Crawled caption data:
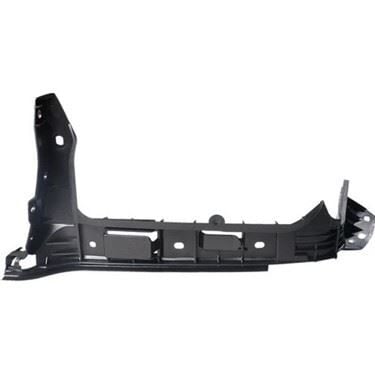 TRANSPORTER T5 T6 ARKA TAMPON AYAĞI BRAKETİ SAĞ 04-14 ARASI 7H0807394C 2-26-YAN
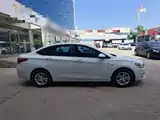 Фото 6 - Chevrolet Cavalier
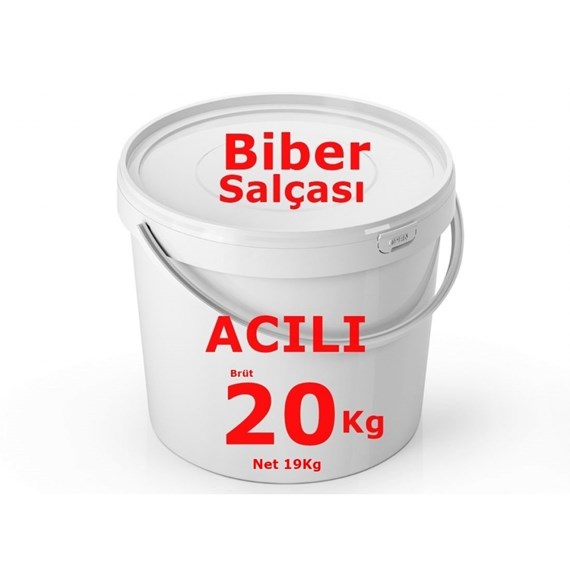 Gaziantep%20Yöresel%20%20Acı%20Biber%20Salçası%2020%20Kg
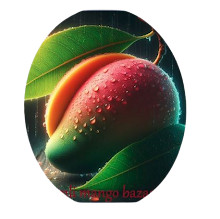 আমার ফটো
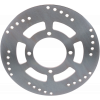 Δισκόπλακα μοτοσυκλέτας εμπρός EBC FIX HPSR RND MD3017LS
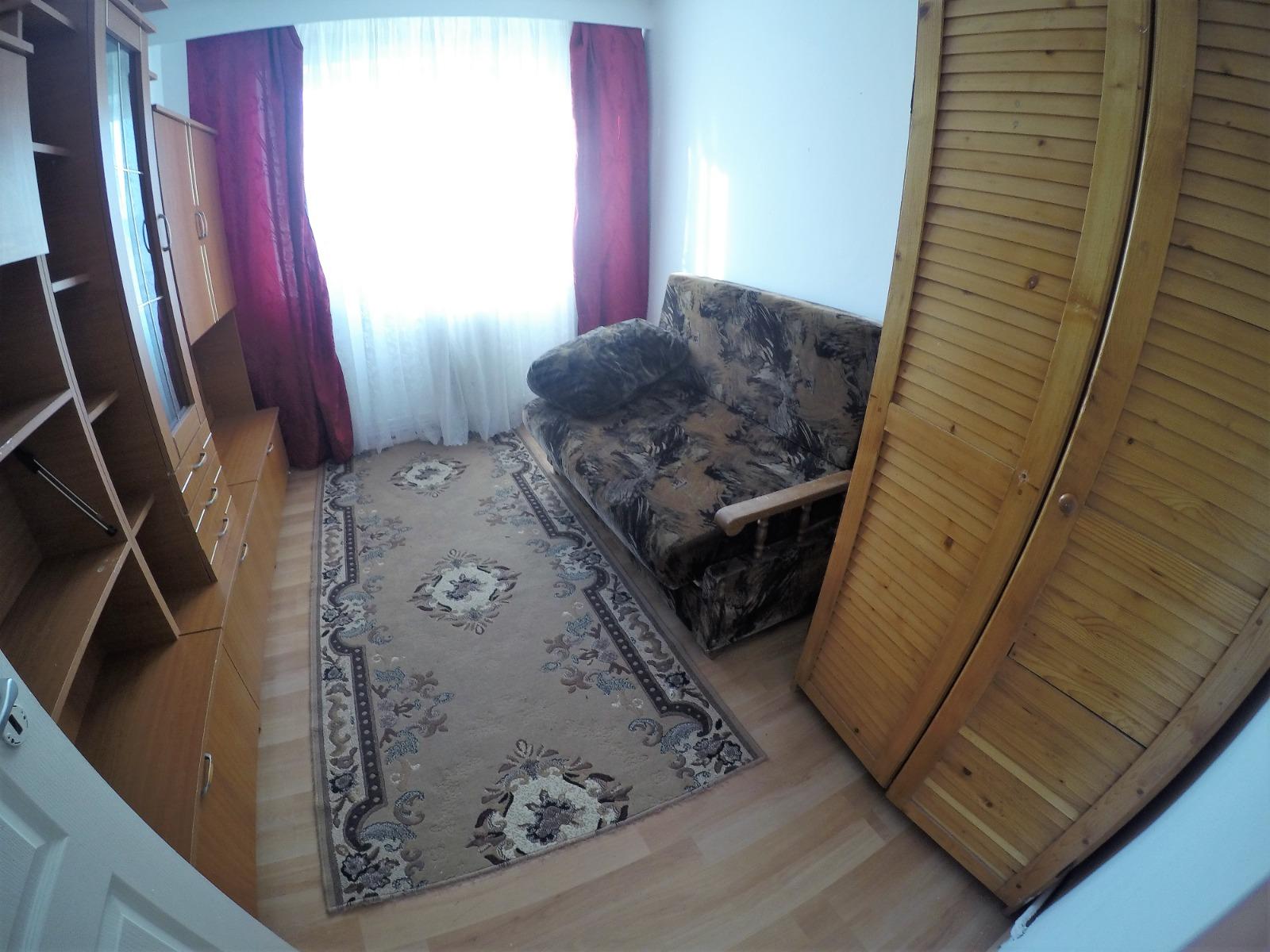 Apartament de vânzare 3 camere Manastur - 54700AV | BLITZ Cluj-Napoca | Poza7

▸ **Your assignment**: Retype only the lines from the one with "Фото 6 - Chevrolet Cavalier" through the final line of the entries, please, and keep the pictures out.

▸ **Exercise result**:
 Фото 6 - Chevrolet Cavalier
 Gaziantep%20Yöresel%20%20Acı%20Biber%20Salçası%2020%20Kg
 আমার ফটো
 Δισκόπλακα μοτοσυκλέτας εμπρός EBC FIX HPSR RND MD3017LS
 Apartament de vânzare 3 camere Manastur - 54700AV | BLITZ Cluj-Napoca | Poza7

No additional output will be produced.